Now that we have mapped the cs reads to the genome they can be translated to base space, the BAM-file will now have base-versions of the reads as well as the colorspace. Also you see both a NM:i: and a CM:i: tag, this is the edit-distances for the translated basespace and the original colorspace reads. Lets make the alignments read for IGV.

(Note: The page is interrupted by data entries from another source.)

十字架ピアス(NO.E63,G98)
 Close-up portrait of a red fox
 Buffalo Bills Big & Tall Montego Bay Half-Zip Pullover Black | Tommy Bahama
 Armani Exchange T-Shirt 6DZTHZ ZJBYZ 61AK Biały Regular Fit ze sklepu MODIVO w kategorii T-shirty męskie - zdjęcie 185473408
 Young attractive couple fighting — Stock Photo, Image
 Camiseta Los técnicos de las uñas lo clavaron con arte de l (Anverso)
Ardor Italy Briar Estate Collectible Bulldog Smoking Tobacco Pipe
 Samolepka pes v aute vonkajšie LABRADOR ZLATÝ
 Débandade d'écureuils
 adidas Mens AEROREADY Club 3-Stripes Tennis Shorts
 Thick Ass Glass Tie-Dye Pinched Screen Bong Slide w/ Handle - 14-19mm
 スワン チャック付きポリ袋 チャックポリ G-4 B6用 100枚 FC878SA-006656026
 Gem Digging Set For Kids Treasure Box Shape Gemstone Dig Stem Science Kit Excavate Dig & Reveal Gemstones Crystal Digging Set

samtools sort GOS1.bam GOS1.sort
samtools sort ion.bam ion.sort
samtools sort solid.bam solid.sort
samtools index GOS1.sort.bam
samtools index ion.sort.bam
samtools index solid.sort.bam

If IGV is not already running, start it again

java -XX:+UseParallelGC -XX:ParallelGCThreads=8 -jar -Xmx1250m /home/local/27626/bin/IGV/igv.jar &

Import the E_coli_55989 genome from file ("/home/local/27626/exercises/alignment/ecoli/E_coli_55989.genome") and load the *.sort.bam files you just made ("/home/local/27626/ngs_course/studXXX/alignment/") - you can use control to click multiple at the same time. Zoom in to a region and you should be able to see the differences here as well (indels are short black lines).

Q15. What are the main difference you see between the reads?

NB. We only used 1/2 of the 454 and iontorrent data and only 1/25 of the Solid data (!) for the exercise.


Congratulations you finished the exercise!